This is a good post Ciara. I think the same can also be said for book reviews. I just started doing reviews on my blog and I always try to be as a fair as I can. I will never post a negative review - but at the same time I will point out flaws constructively if I see any.

Good post and food for thought :)

Shelley Munro said...

Great advice! Critiquing requires trust and goodwill from both sides.

Ella Gray said...

Great post, Ciara! I'm new to the whole critiquing thing and really nervous about how to go about it once my WIP is finished. I'll definitely keep your advice in mind :)

Ciara Ballintyne said...

I've started the policy of advising authors who ask me to review books that if my review is going to be negative, I won't post it. I DO feel negative reviews have a place in helping consumers to make informed decisions, but those reviews are better placed on Amazon or Goodreads. There's no benefit to me, my blog, or the author in me slogging through their book just to write terrible things about it on my blog and then flog it through triberr! In that case, I will offer private feedback if they want it. This also saves me having to finish the book. OK, so there's some self-interest there....

Ciara Ballintyne said...

Absolutely, and it's very important a writer goes into it knowing what to expect (no ego stroking) but the reviewer also undesrtands their role, or it's wasted time.

Ciara Ballintyne said...

Thanks Ella! I personally LOATHE getting feedback but I make it a habit to do it regularly and I try to be good about the feedback I get. I don't always take it onboard (sometimes you can't - two of your critique partners might vehemently disagree) but I always listen.

Robin Peacock said...

I do have time to critique if anyone wants one.

MoonShineArtSpot said...

I just started reviewing as a hobby on a blog, not a professional. I point that out to begin with. My background is actually in graphic design & illustration. I have sadly discovered that many authors also think they are cover designers and illustrators. To me, that is like me sitting down with no prior knowledge other than being a reader, & deciding ... I will write a book today. We learned some common sense "polite" ways to critique art in college & I only offer a common customer's opinion & mention things that bug me. I agree with your points, not being mean etc. some of the writers have seemed very ungrateful & even annoyed that I went to the extra effort of marking their many, many errors. It's like they did not even proof it themselves & were mad that I noticed. I am afraid many of these people are going to be very unsuccessful because of their lack of professionalism.

Ciara Ballintyne said...

That's very generous of you, thanks for making a public offer :-)

Ciara Ballintyne said...

I would distinguish a critique from a review in the sense a critique is solicited, provided in private, and provided for the purpose of improving the work prior to publication, whereas a review is a public recommendation (or not) to buy/read the work, and not intended for the improvement of the author (although it can also serve that function).
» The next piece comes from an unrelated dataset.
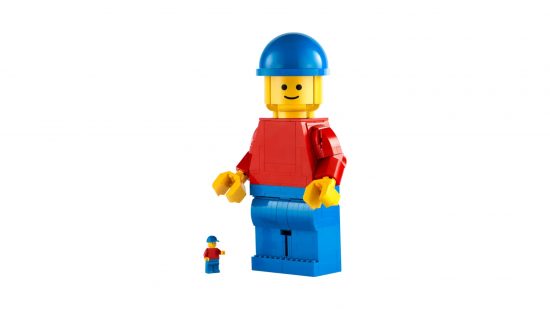 Best cheap Lego sets: the Upscaled Lego Minifigure besides a regular sized Lego figure.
Ironicaly, most writers start out as readers who sit down one day and think 'I will write a book' and have no other prior knowledge (or very little). The ones who succeed most are the ones who study and learn along the way and get feedback prior to publishing. It's likely the writers you are referring to are mad because a) they regard reviews as a public attack and b) likely they never had any critiques done before publishing (or ignored them if they did) becuse they are of the opinion their work is perfect. Sadly there are too many of this kind of writer around. The other kind usually will not respond to a negative review and accept that every writer will usually get one or two along the way.
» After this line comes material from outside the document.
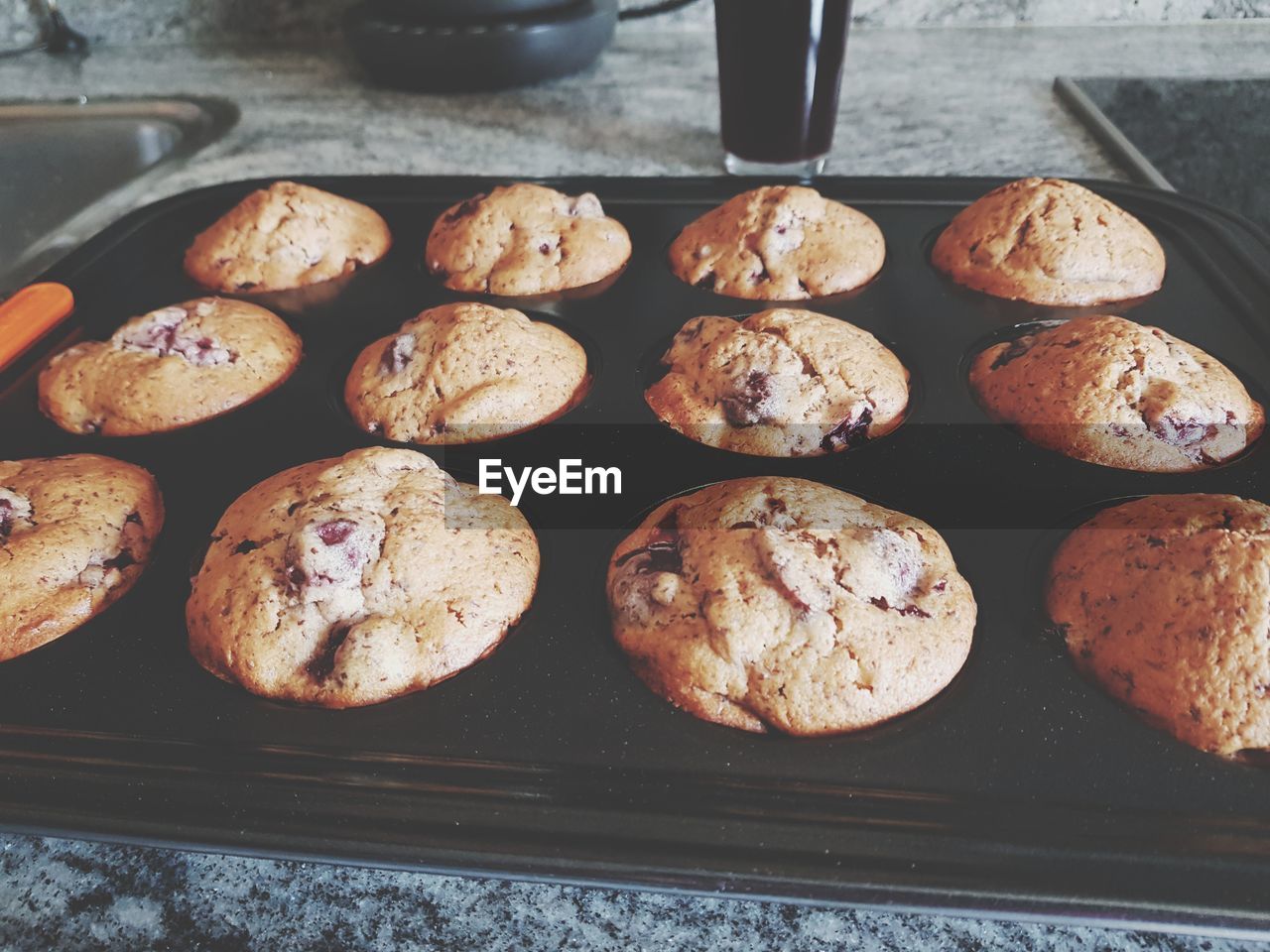 High angle view of cookies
The etiquette of a review as opposed to a critique is likely similar to the etiquette of a critique, but the focus would be different. For example, a review must be a coherent piece of writing recommending (or not) the work with reasons why. A critique is more often scribbled comments and struck out words, and I would never make a critique public - it's too personal. A critique also has as its focus to improve, and therefore contains detailed explanations of the technical aspects of writing, whereas a review may gloss over these as readers are less likely to care about how the book is good than just the fact it is good (or not).

Steve Mchugh said...

A great post. Critiques are a hugely important part of growing as a writer. It's something everyone who has an interested in writing should do.

Misha Gericke said...

Great point!

After doing crits for almost a year, I've learnt to discern when my CPs have a valid point from when it's personal preference or opinion based on the fact that they forgot details that they read a while back.
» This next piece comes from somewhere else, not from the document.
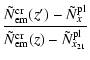 $\displaystyle \frac{\tilde{N}^{\rm cr}_{\rm em}(z')-\tilde{N}^{\rm pl}_x}{\tilde{N}^{\rm cr}_{\rm em}(z)-\tilde{N}^{\rm pl}_{x_{21}}}$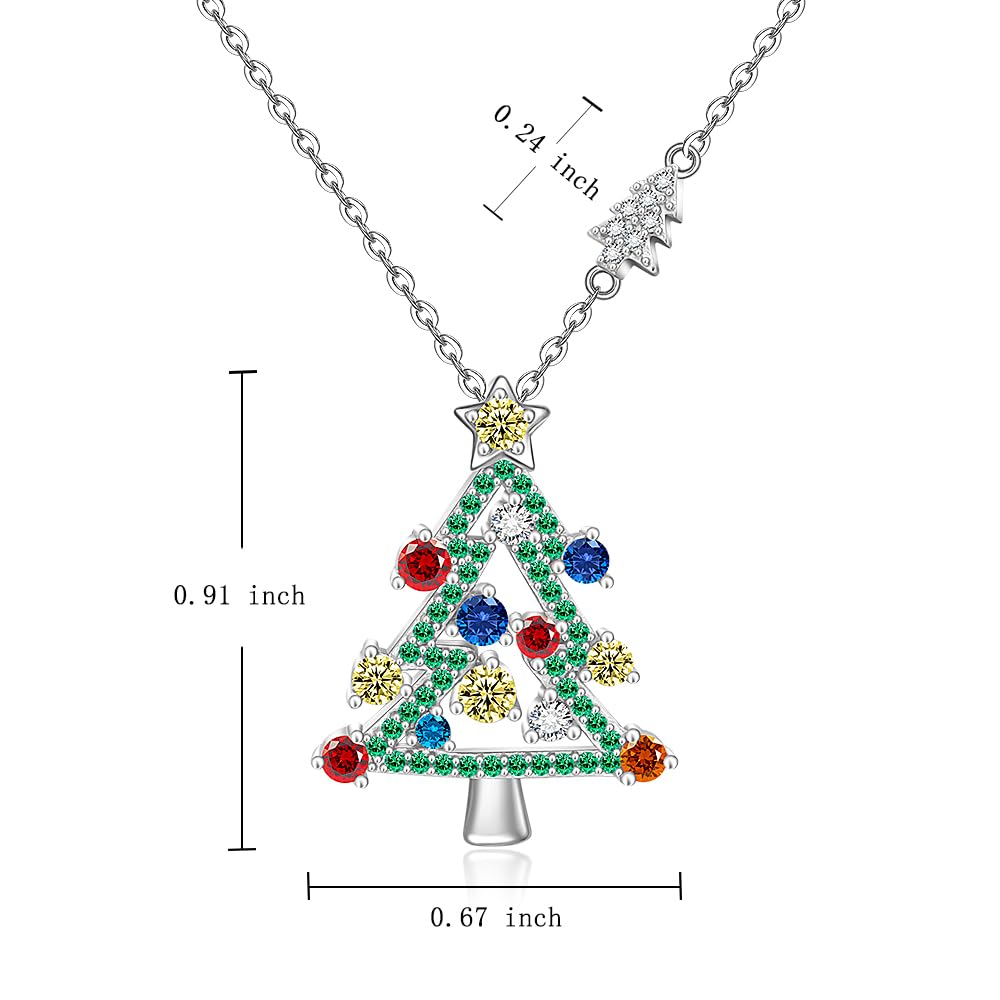 LOVGIFSET Christmas Necklace Christmas Tree Necklace for Women Sterling Silver Green Tree Pendant Xmas Gift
Knowing that can be really important, sometimes.

Ciara Ballintyne said...

Absolutely, Steve - I couldn't agree more! Even once published (however so achieved) a writer should have an ongoing relationship with an editor, so writers need to learn to deal with this kind of feedback.

Ciara Ballintyne said...

I wish I could figure that out! It drives me crazy when I get two CPs saying the complete opposite. It gets harder as you get better I think - when you're just starting out, your CPs are better than you, and can give you feedback in technical terms. As you improve, and maybe your CPs aren't as advanced, the feedback you get is more general - they can tell you they didn't like something but not why.

Gia Murphy said...

I find it so hard to do a critique, really don't want to hurt someone's feelings. Also so aware that it is subjective, so start to second guess what I'm saying. I try to respond as a reader not as a writer, but then second guess that...

Amberr Meadows said...

Oh, yes, some people forget that you are doing them a favor, and that is incredibly annoying. People are so ungrateful.

Ciara Ballintyne said...

I try to respond as a writer and not a reader because I can make it more objective. If I don't 'like' something, that's not to say someone else won't like it, but if there is a continuity problem, a POV problem, a passive voice problem - either there is or there isn't! I prefer that kind of feedback too. 'I don't like it' is too vague and fluffy for me. But then - I'm a lawyer!

Ciara Ballintyne said...

Nothing worse than investing your time in critiquing someone else's work (and it's HARD work too) and then having them be ungrateful. Think of everything you could have written yourself with those hours!

Mina Lobo said...

"Be honest - but don't be cruel" is excellent - we should start a campaign to get that message out to the world at large. Seems some folks think they have to be tools to be impressive. Which leads me to another bit of excellent advice you gave, "Don't be...a dick." Hear, hear! ;-)

Some Dark Romantic

Ciara Ballintyne said...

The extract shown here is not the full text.